### DATASET CONTENT:
※ ※ ※

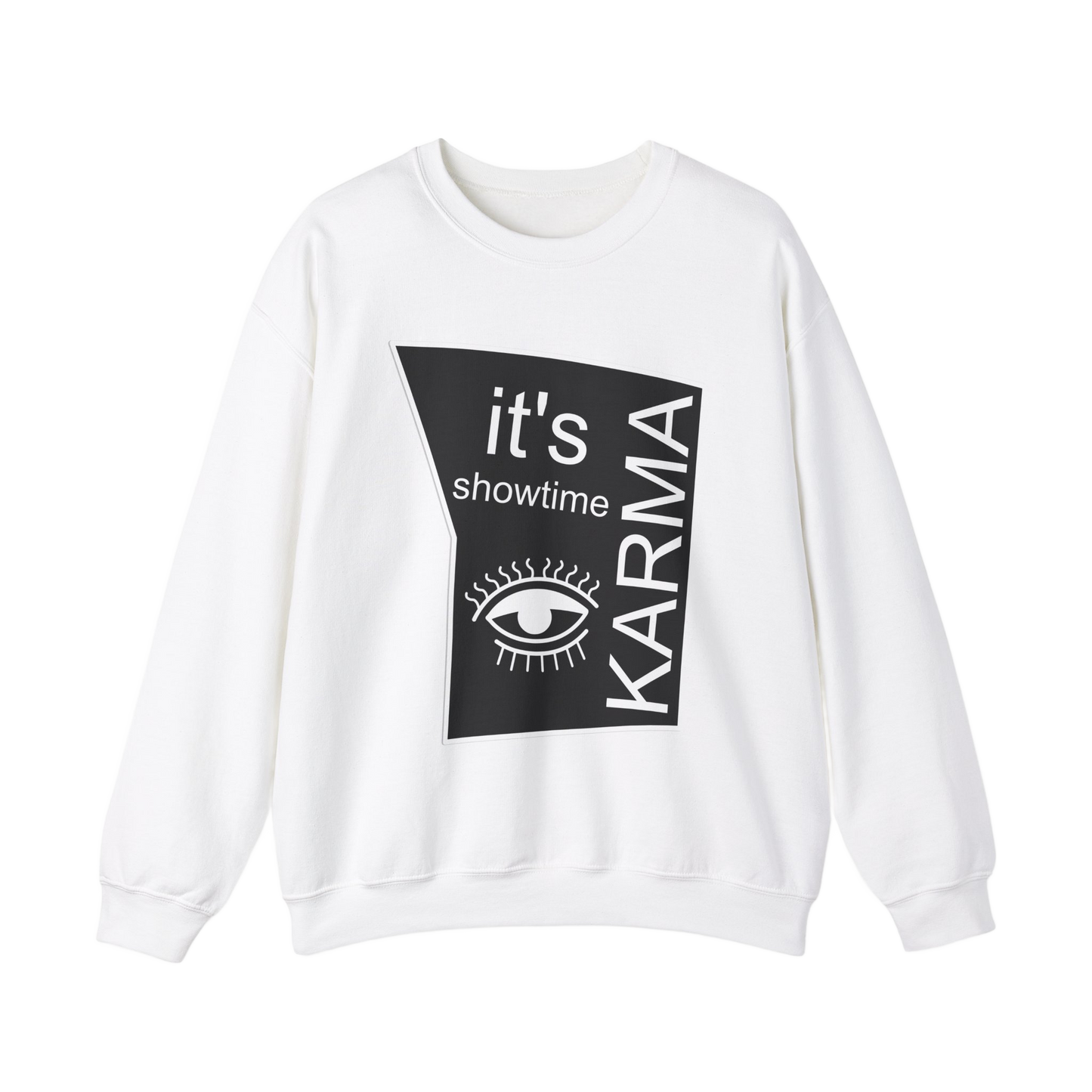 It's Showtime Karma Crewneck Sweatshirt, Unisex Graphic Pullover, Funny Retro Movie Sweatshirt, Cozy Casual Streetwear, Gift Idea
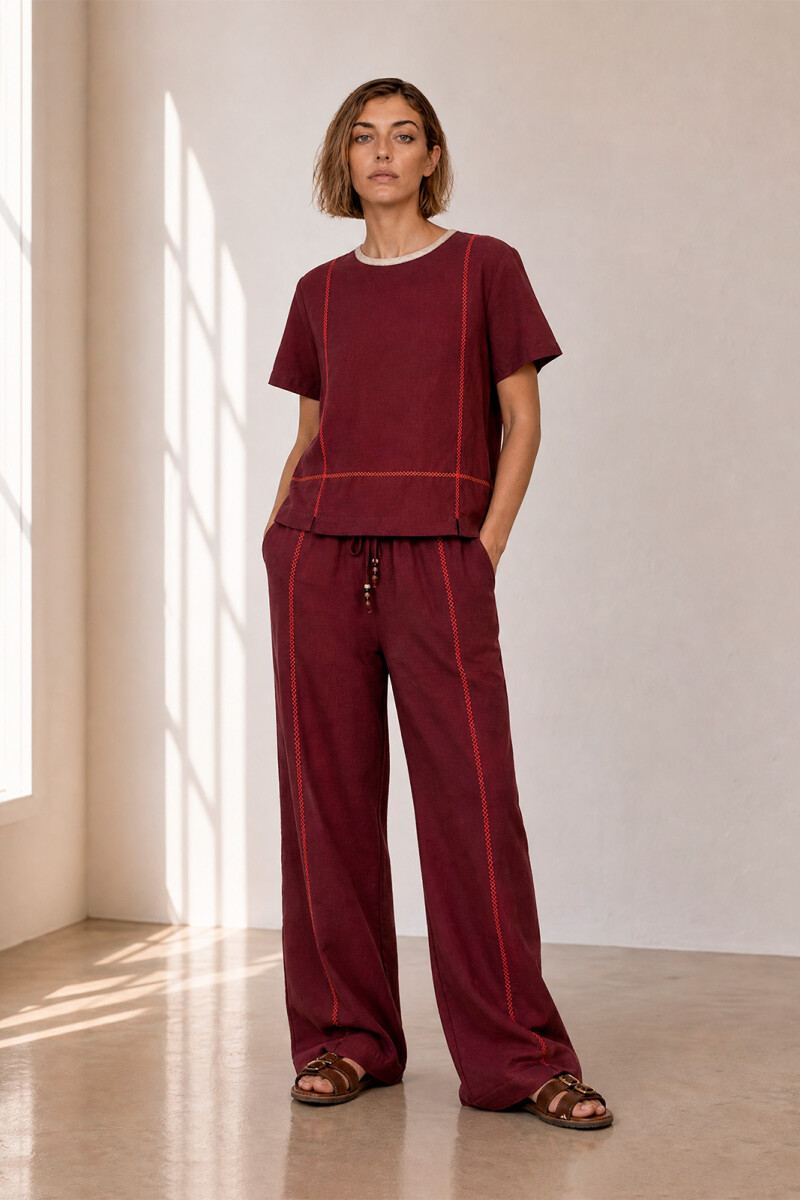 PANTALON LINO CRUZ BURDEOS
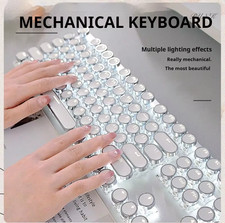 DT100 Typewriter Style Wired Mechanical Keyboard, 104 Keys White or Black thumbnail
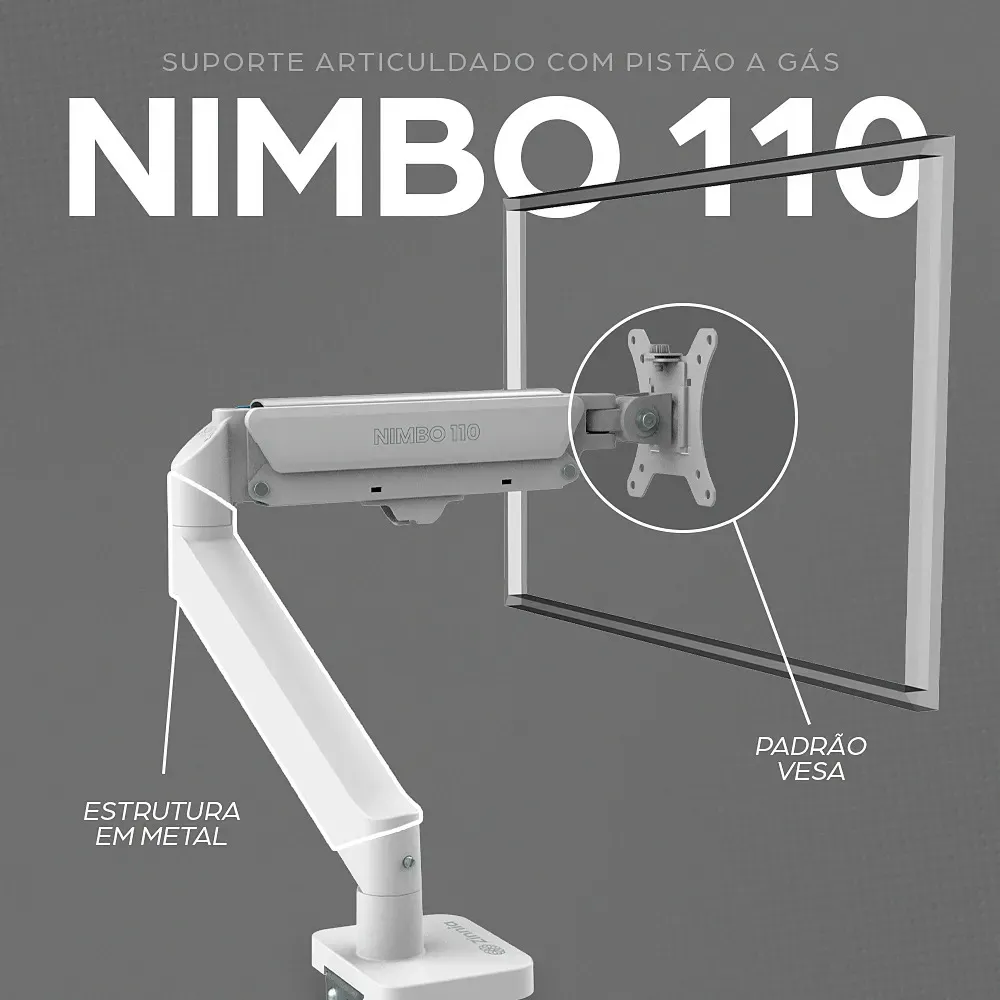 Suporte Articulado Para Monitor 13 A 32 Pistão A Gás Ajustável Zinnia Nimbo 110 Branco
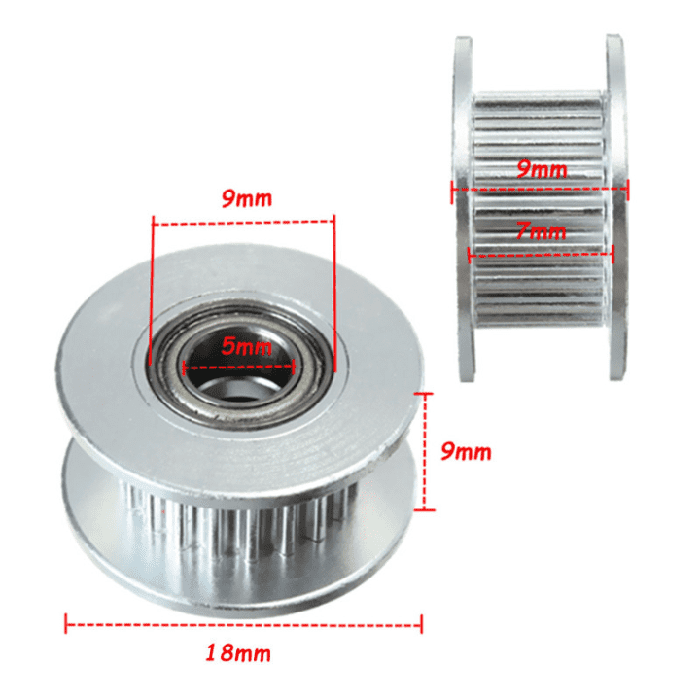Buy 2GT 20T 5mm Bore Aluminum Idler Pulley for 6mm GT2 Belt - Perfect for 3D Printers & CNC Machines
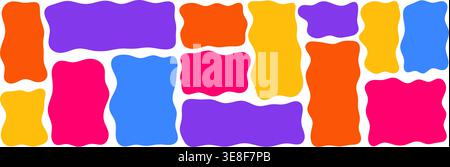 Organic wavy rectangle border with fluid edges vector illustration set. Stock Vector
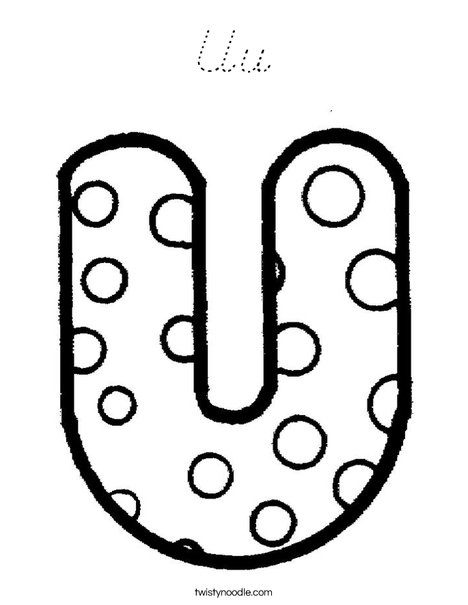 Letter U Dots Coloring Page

※ ※ ※

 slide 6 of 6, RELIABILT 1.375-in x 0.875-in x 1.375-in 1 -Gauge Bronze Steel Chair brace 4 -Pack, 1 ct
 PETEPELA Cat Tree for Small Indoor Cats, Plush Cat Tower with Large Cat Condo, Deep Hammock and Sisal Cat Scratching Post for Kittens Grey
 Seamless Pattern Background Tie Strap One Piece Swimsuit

※ ※ ※

### TASK OBJECTIVE:
Set down again, exactly, every line above from the one with "DT100 Typewriter Style" down to the one with "Letter U Dots Coloring Page", both ends included. No pictures, and nothing else.

### WRITTEN SOLUTION:
 DT100 Typewriter Style Wired Mechanical Keyboard, 104 Keys White or Black thumbnail
 Suporte Articulado Para Monitor 13 A 32 Pistão A Gás Ajustável Zinnia Nimbo 110 Branco
Buy 2GT 20T 5mm Bore Aluminum Idler Pulley for 6mm GT2 Belt - Perfect for 3D Printers & CNC Machines
 Organic wavy rectangle border with fluid edges vector illustration set. Stock Vector
 Letter U Dots Coloring Page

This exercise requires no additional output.